• [To do]: Transcribe the listing underneath, keeping each word exact and omitting the images.

• [Recorded data]:
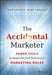 The Accidental Marketer: Power Tools for People Who Find Themselves in Marketing Roles by Tom Spitale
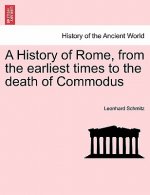 History of Rome, from the Earliest Times to the Death of Commodus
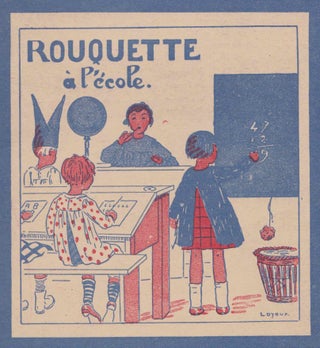 Item #1326 Les Poupèes a Habiller: Rouquette a L'Ecole. Librarie Bernardin Bechet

• [Exercise solution]:
 The Accidental Marketer: Power Tools for People Who Find Themselves in Marketing Roles by Tom Spitale
 History of Rome, from the Earliest Times to the Death of Commodus
 Item #1326 Les Poupèes a Habiller: Rouquette a L'Ecole. Librarie Bernardin Bechet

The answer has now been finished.